The agent chooses the query string, and on the corpora_search tool also the corpus (from a list you allow). Filter attribute statistics are reachable through the separate corpus_filter_attribute_stats tool. Today everything else — context configuration, reranker chain, which filter applies to which corpus, lexical weight, and the metadata filter itself — is fixed by you when you configure the tool. (We may expose more of these to the agent in the future.) So "tuning retrieval for an agent" is mostly about three things, in priority order:

  1. Shaping the corpus during ingest.
  2. Telling the agent — through tool descriptions and instructions — what the corpus contains and when to use it.
  3. Configuring the tool so the small set of choices the agent does make are all good ones.

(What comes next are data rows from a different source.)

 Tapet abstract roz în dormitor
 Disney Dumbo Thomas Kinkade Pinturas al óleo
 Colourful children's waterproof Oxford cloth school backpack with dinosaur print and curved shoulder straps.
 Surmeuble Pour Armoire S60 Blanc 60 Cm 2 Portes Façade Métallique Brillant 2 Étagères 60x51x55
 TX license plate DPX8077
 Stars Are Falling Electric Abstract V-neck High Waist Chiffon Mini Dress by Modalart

1. Ingest is the heart of retrieval quality

Nothing the query side can do will recover information that was lost or mangled during ingest. The file upload endpoint is a fine starting point — it handles sentence-level chunking and common file formats — but heavier use cases benefit from an agentic ingest pipeline where an agent walks each document, enriches metadata, and decides how to chunk.

For retrieval quality specifically, four things matter most:

  • Parts carry meaning, not just text. A document is broken into parts; each part is what gets embedded, reranked, and shown to the agent. Sentence-level chunks are a fine default, but very short or fragmentary parts (FAQ items, captions) need extra surrounding text at query time — see section 4. For pre-structured source documents, use semantic indexing so parts follow the document's natural sections.

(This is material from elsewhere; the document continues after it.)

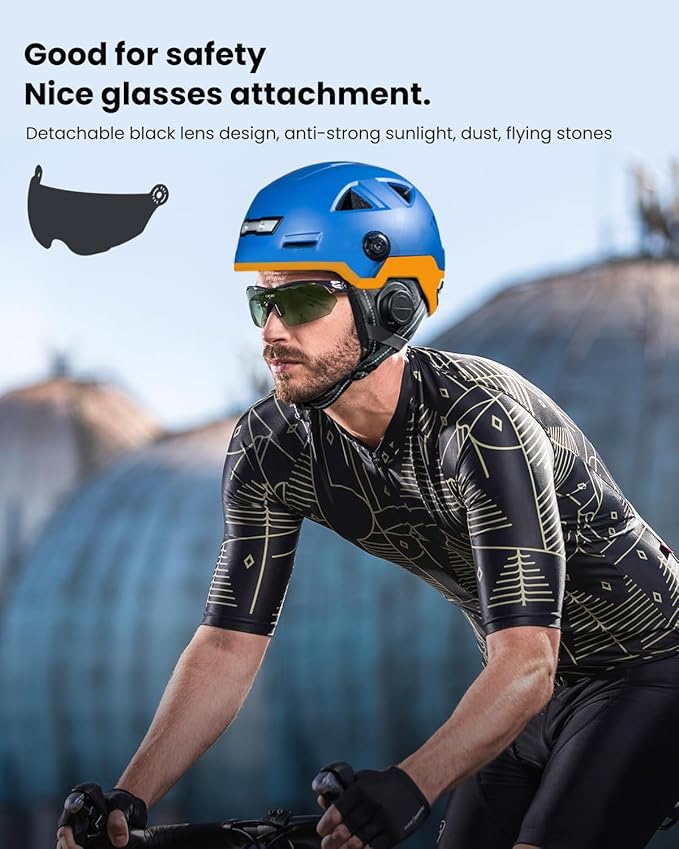 ILM Smart Adult Bike Helmet with Automatic G-Sensor Turn Signal & Brake Warning LED Light Control Road Cycling Helmet E3-12LS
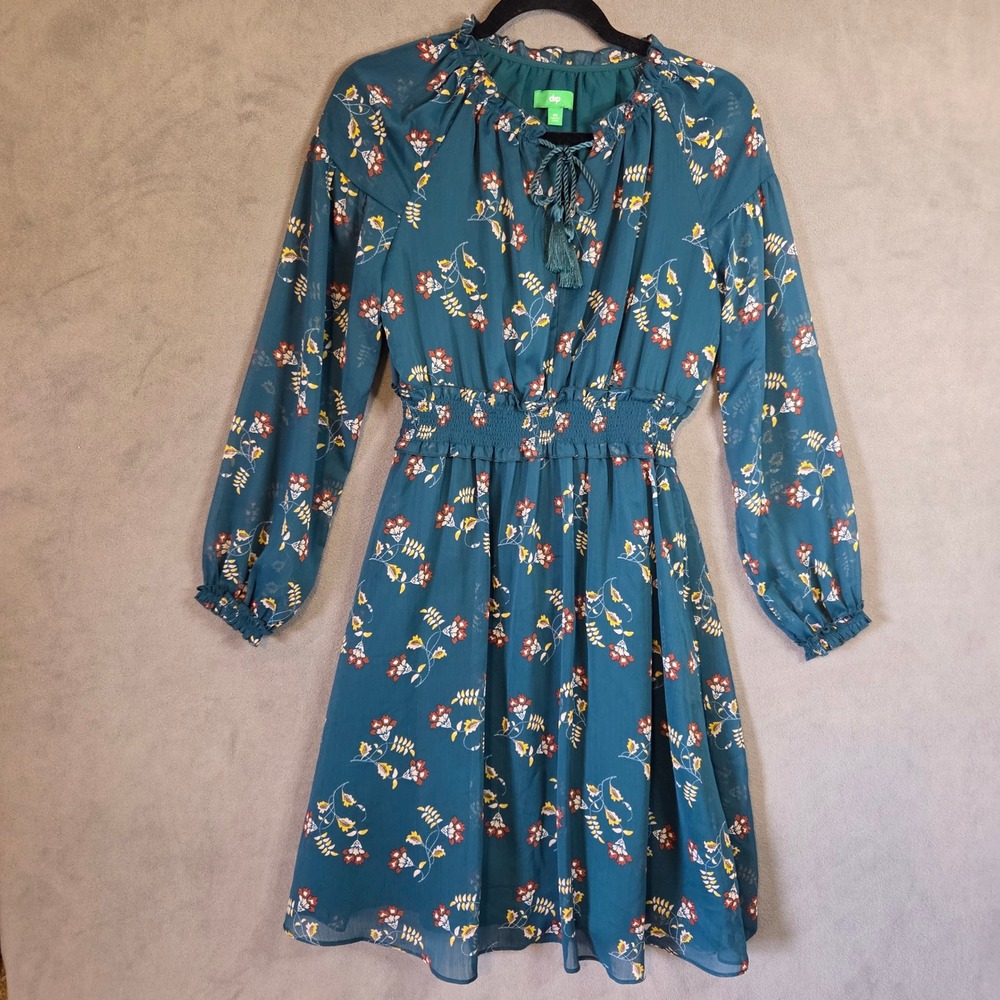 dip Floral Chiffon Dress Women's XS Teal Smocked Waist Boho Peasant Tassel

  • Tables and images need real descriptions. Tables become their own parts when extract_tables is set; the description is what gets embedded, so tune TableGenerationSpec until the description uses the columns and entities a user would search for. Images are retrievable through their summary — generate that summary with a domain-specific prompt, and feel free to attach multiple parts to the same image (overall summary + per-region summaries) so multiple query angles hit. See Working with tables.

  • Declare filter attributes early. Document and part metadata travels with results, but only fields declared as filter_attributes on the corpus can appear in a metadata_filter. Adding them later requires reindexing. Common picks:

    AttributeLevelWhy it pays off
    doc.sourcedocumentScope by repo, drive, tenant.
    doc.created_atdocumentDrives time-decay UDF reranking.
    doc.langdocumentAvoids cross-language noise.
    part.sectionpartLets agents prefer "summary" or "intro".
    doc.acldocumentCombine with auth — see access control.
  • Agent-generated metadata is fair game. Use an agentic pipeline to add summaries, topic tags, or "who/what/when" annotations the source didn't carry. These show up in results and as filter attributes if you declare them.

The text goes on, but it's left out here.